I am not “a trad” but I would refuse to participate in that grand TLM in the Vatican because I do not wish to land myself to manipulation. It would be unthinkable for me to participate in such Mass while the same TLM is being suppressed/restricted to the point of suffocation elsewhere.
Most “trads” seem not to realize that they are being used by the Vatican as a tool for proving credibility to its current course. I have seen “trads” lashing those Catholics who criticize the Pope for his inconsistencies and watering down the faith or turning it into something else. Those “trads” appear not to realize that an occasional TLM given to them is only to buy their allegiance or at least to be quiet.
This is a brilliant technique, actually, “see, even the most traditional Catholics approve me so I am not deviating from the faith”.
However, there is an obvious flavour of insincerity and absurdity in a situation when TLM is pompously celebrated in the Vatican yet it is being suffocated elsewhere – in the common parishes, among common people who need it.

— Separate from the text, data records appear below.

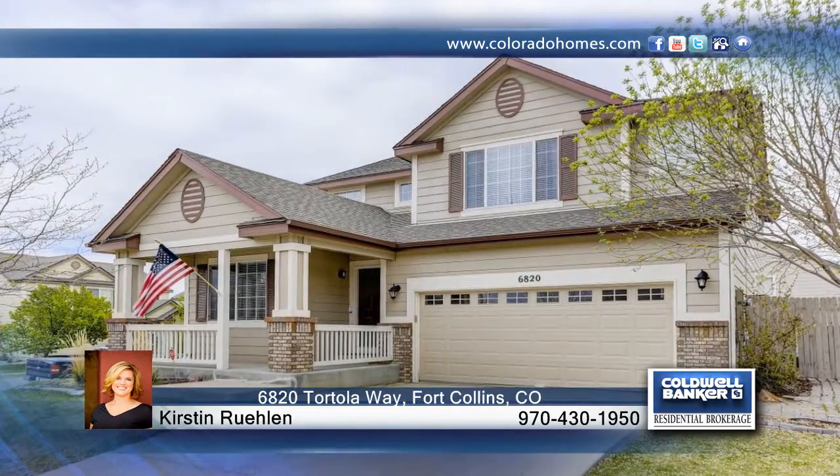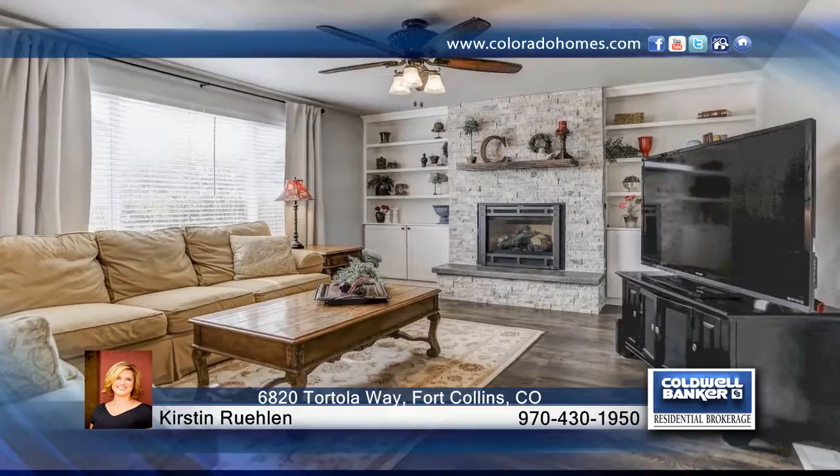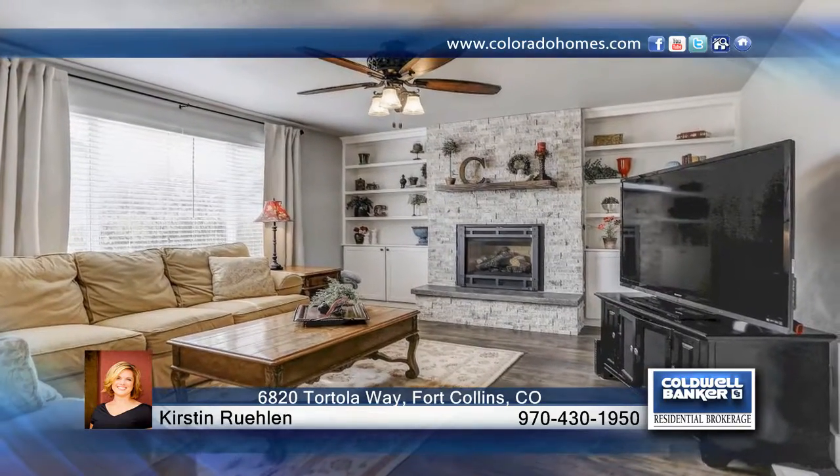You don't want to miss this completely updated four bedroom, three bath home that boasts an open floor plan in Stanton Creek.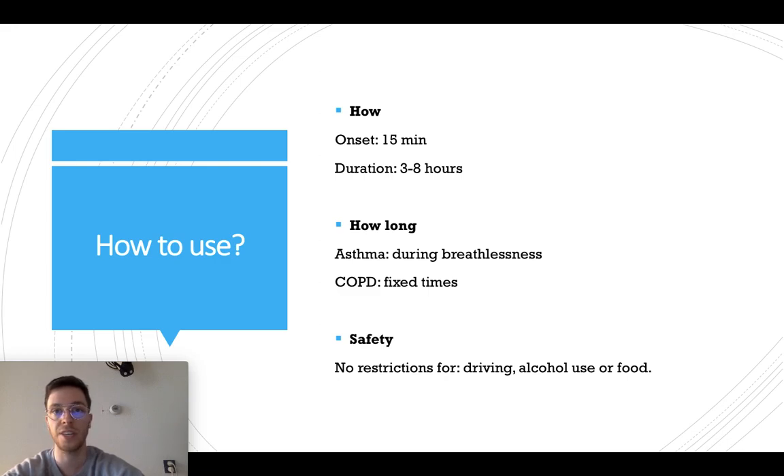How long can you keep using it? As long as your doctor prescribes and advises it to you. When you use it for asthma, only use it when you have episodes of breathlessness. When you use it in the case of COPD, use it every day at fixed times. This way you keep a maintenance level of the medication, which will help you to have less symptoms.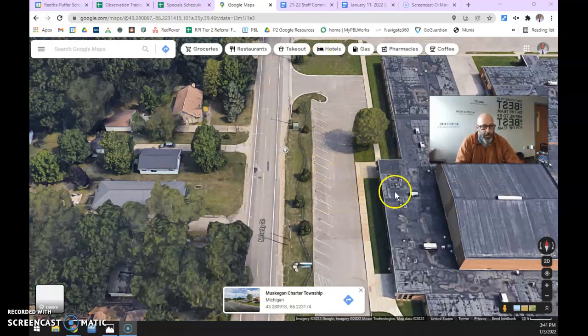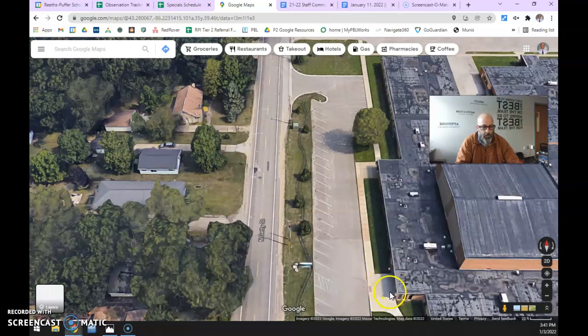So you can see here I'm going to Google Map, and here's the front parking lot of the school. Right over here where my cursor is is the main entryway — that's door number one. And then as people come in and exit, this is Getty Street right here.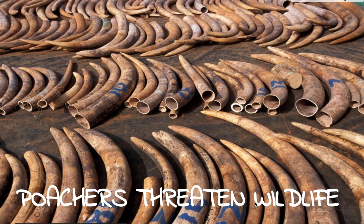A huge environmental issue in Banff National Park — and not only Banff, but all around the world — is poaching, which is a threat to wildlife. Poaching is illegal hunting to meet the demands of international trade. Poachers are motivated by money: they make a large profit off killing animals, taking what they need, and selling it.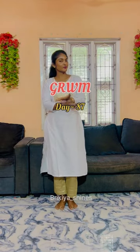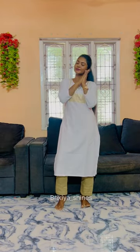Hi, my friends. Today is my day 87 of Get Ready with Me. I am going to take a photo shoot.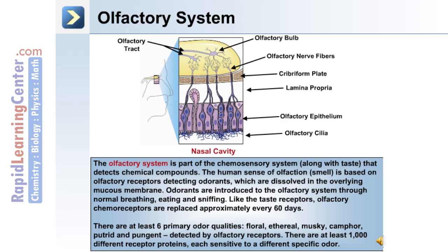This image depicts the layers beginning at the nasal cavity at the bottom of the image. First, the olfactory cilia, which overlies the olfactory epithelium. The next layer is the lamina propria and the cribriform plate, as well as the olfactory nerve fibers, which eventually synapse with the olfactory bulb and become the olfactory tract.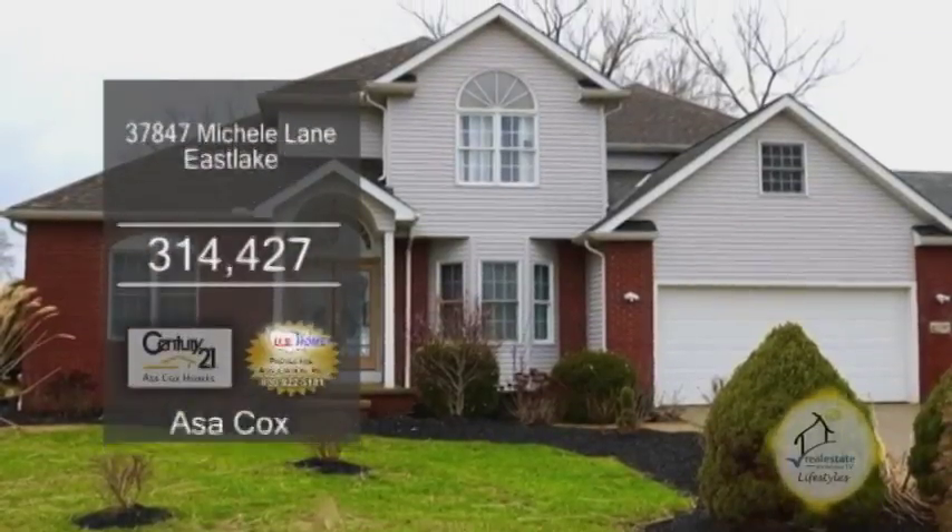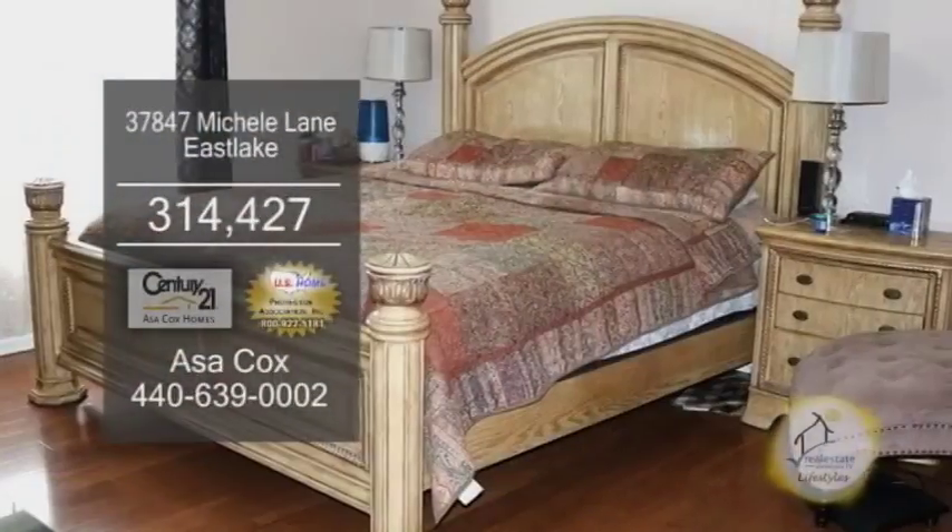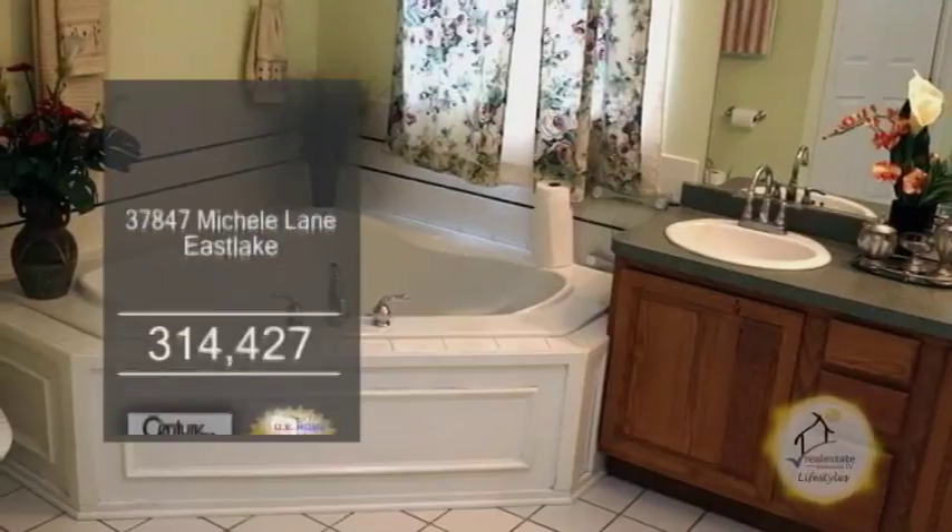A Colonial in Eastlake. This home features five bedrooms, three full baths, and two half baths.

If TLM is to be suppressed, it must be suppressed everywhere – but PL needs TLM, not as a people’s Mass but as a part of his entourage, as an artefact in a museum.
I don’t see any manipulation going on. I don’t know that we should even be looking for that. Why not be grateful for this opportunity & move forward?
Anna:
That is a very shrewd observation.
It’s all part of the cult and practice of deceitfulnees.
This Sunday November 2 will be the beginning of Eastern Daylight time, meaning that if I want to go to the Latin Mass in Lewiston, 55 miles away I can, since I won’t have to drive in the dark.
So I’ll be on my feet at 5:30 and around 6 Rachel and I will be on the road and we’ll proceed westerly to Lewiston to the magnificent Sts. Peter & Paul Basilica, built around 1900 or so by the Franco-American Catholics there (the Stations of the Cross are in French). Does all this make me a “trad”? I haven’t the slightest idea.
It’s been a long time since I’ve been there – I can’t wait!!
As a simple matter of ecclesiological liturgical coherence, the TLM should be completely eliminated. Yes, even the Ecclesia Dei religious communities should be told that they may no longer accept new candidates for ordination unless they agree to switch from celebrating the old Mass to the new Mass.
The TLM is no longer an adequate liturgical expression of Catholic faith after Vatican 2. That’s the crux of the matter. It would be liturgically incoherent to maintain both liturgical expressions simultaneously, and to continue with the unrevised Mass.
“The TLM is no longer an adequate liturgical expression of Catholic faith after Vatican 2.”
And The Divine Liturgy of Saint John Chrysostom? Should it go as well? After all, the priest has his back to the people much of the time, some parts aren’t in English, the icon screen keeps the people from seeing all that is happening up front, and the reverence is overwhelming. Surely that’s not adequate for 2025, right?